Context: Databases are data stores that are in themselves, organized mechanisms for storing, managing and efficiently retrieving raw data. Databases have other features that allow data to be compiled in the form of reports. Stored data can be collated or statistically counted so that a business can learn or make decisions based on how the business intelligence data is analyzed. Other features are related to importing or consuming more data in automated (hands free) ways.
Note: This glossary section serves to clarify any terms used in related posts on this site or in external internet literature; business jargon, engineering vocabulary or technical terms and meanings associated with the use of database data stores are covered here.
--- --- ---
Of the many database products on the market, some are open source and some support additional features like business intelligence support, scripting / programming support, here is a list of some database engines / database tools.
Access, Cassandra, Clipper, dBase, FireBird, HBase, IBM DB2, IBM Informix, Ingress, InterBase, InterSystems Cache, Lotus, MySQL, MongoDB, Neo4j graph dbase, Oracle, Paradox, PostgreSQL, SQLite, SQL Server, Teradata, Visual Foxpro, and there are many more …
--- --- ---
Data Ingested / Data Ingestion
The act of consuming / importing / absorbing data into a companies data store database; this can be a computerised / automatic hands free process.

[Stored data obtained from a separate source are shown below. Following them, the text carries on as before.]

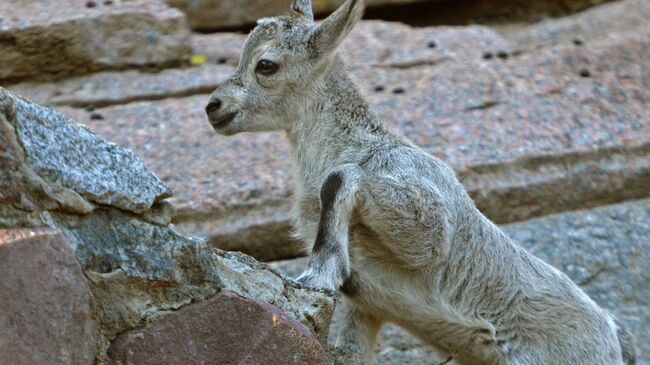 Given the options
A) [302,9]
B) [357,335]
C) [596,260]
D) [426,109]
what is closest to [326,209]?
[357,335]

It’s common to discuss Data Ingestion in the context of database migration or in the context of consuming large amounts of data for use in reports or data intelligence processing.
--- --- ---
Data is copied from a source system and translated, transformed or restructured into new data values, these replacement data values might also be formatted differently and / or stored as different data types to be compatible with the destination database system.
Transformation Scenarios: –
- Source data needs to be merged with data values from another database source before being stored into a destination system (ssis Union / Aggregate transformations, Merge / Join transformation)
- Composite data values needs to be split into several separate column values (ssis Conditional Split or Derived Column Transformation)
- Faulty data values need to be fixed and corrected or cleansed (ssis Data Conversion, Convert or Cast, Derived column)
- Null or missing values need to be replaced with defined business default values.
- Certain / targeted data values need to be filtered out and not stored into the destination system (ssis Lookup transformations, Sort transformation).
Transformation algorithms and automation processes convert data or information before storing the transformed values into the destination system.
Data mappings are used to identify where data comes from and where it should be directed to; a data dictionary is used to classify the target data types, the format of stored data and the rules for data transformation. The data dictionary is also used to clarify ownership and administration responsibilities for data wherever it is stored.
--- --- ---
3 steps to consume data into a business data store
ETL is used in database systems where we require additional data to be consumed or merged with company data for use in business intelligence / analysis of financials / marketing / commodities prices and market trends / …
For example one might want to consume data from a government or European union data provider and use this data in conjunction with company data to provide insights into market trends / identifying new prospects or business opportunities / understanding market share or demographic changes over time / …
Extract: Covers the data extraction of data records from an external data source such as the ONS Office for national statistics web site / ECB European Central Bank / some other European data source / …
Transform: A set of data processing algorithms or rules to transform the data from the source into a form that is compatible with the company data store database. In addition it’s often necessary to clean data records so that empty / missing data values are transformed into default values that can be used by any computer programs or company web sites without creating additional problems.
Load: The loading of this new data into the companies data store database. In addition it’s often necessary to ensure that duplicate data records are removed.
--- --- ---
RDBMS (Relational database management system)
A data store that stores data inside data containers called data tables. A database contains a set of tables containing data fitted into predefined categories. Each table contains one or more data categories in columns.
A table is a collection of data elements organized in terms of rows and columns. A table is also considered as convenient representation of relations. Data must be stored and presented as relations, i.e. tables that have relationships with each other, e.g., primary/foreign keys.